Ligands for the CCR1 receptor (MIP-1α and RANTES) have been implicated in plenty of chronic inflammatory diseases, most notably multiple sclerosis and rheumatoid arthritis. BX 513 is a novel non-peptide CCR1 receptor antagonists.

In vitro: BX 513 has been shown to have at least 200-fold selectivity for CCR1 inhibition over other human 7-TM receptors, including other chemokine receptors. In addition, data obtained from in-vitro functional assays demonstrated the functional antagonism of BX 513 and structurally related analogues against the CCR1 receptor in a dose-dependent manner [1]. BX 513 also showed concentration-dependent inhibition of MIP-1α-induced extracellular acidification and Ca2+ mobilization demonstrating functional antagonism. When given alone, the compound did not elicit any responses, suggesting the absence of intrinsic agonist activity. BX 513 inhibited MIP-1α- and RANTES-induced migration in peripheral blood cells in a dose-responsive manner. Selectivity testing against a panel of 7 transmembrane domain receptors indicated that BX 513 is inactive on a number of receptors at concentrations up to 10 μM [2].

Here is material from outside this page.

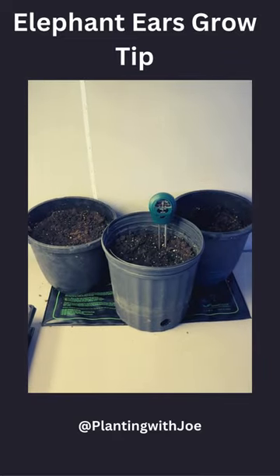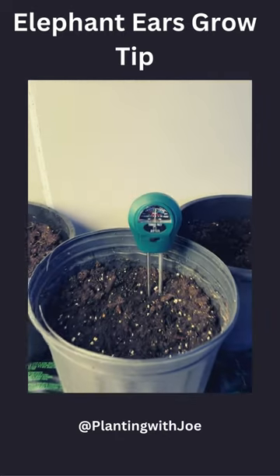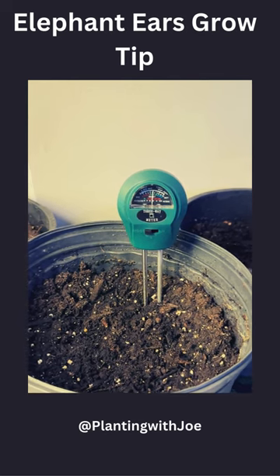It's been about two weeks since I planted my elephant ear bulbs. As you can see, they're on a heating pad and they also sit underneath a grow light. One cool thing is this three-way meter that tells me how much moisture is in my soil, so that way I don't overwater my bulbs.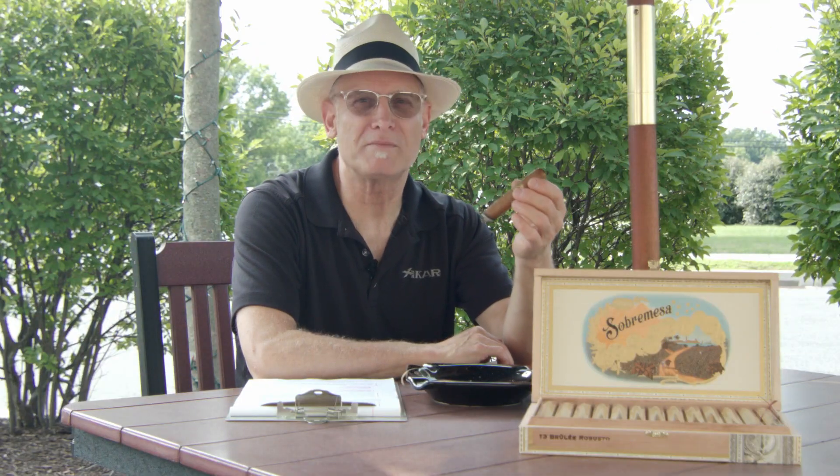If he's using a Connecticut wrapper with a San Andreas Negro binder, he definitely wanted to make this a sweet cigar. Let's get down to the first inch and we'll continue from there. Continuing with our Sobra Mesa Brulee, I've got to tell you, this is really, really nice. It's very creamy. I'm getting some nice vanilla notes.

In vivo: Currently, there is no animal in-vivo data available.

Clinical trial: Up to now, BX 513 is still in the preclinical development stage.

Reference:
[1] Ng HP, May K, Bauman JG, Ghannam A, Islam I, Liang M, Horuk R, Hesselgesser J, Snider RM, Perez HD, Morrissey MM.  Discovery of novel non-peptide CCR1 receptor antagonists. J Med Chem. 1999 Nov 4;42(22):4680-94.
[2] Hesselgesser J, Ng HP, Liang M, Zheng W, May K, Bauman JG, Monahan S, Islam I, Wei GP, Ghannam A, Taub DD, Rosser M, Snider RM, Morrissey MM,Perez HD, Horuk R.  Identification and characterization of small molecule functional antagonists of the CCR1 chemokine receptor. J Biol Chem. 1998 Jun 19;273(25):15687-92.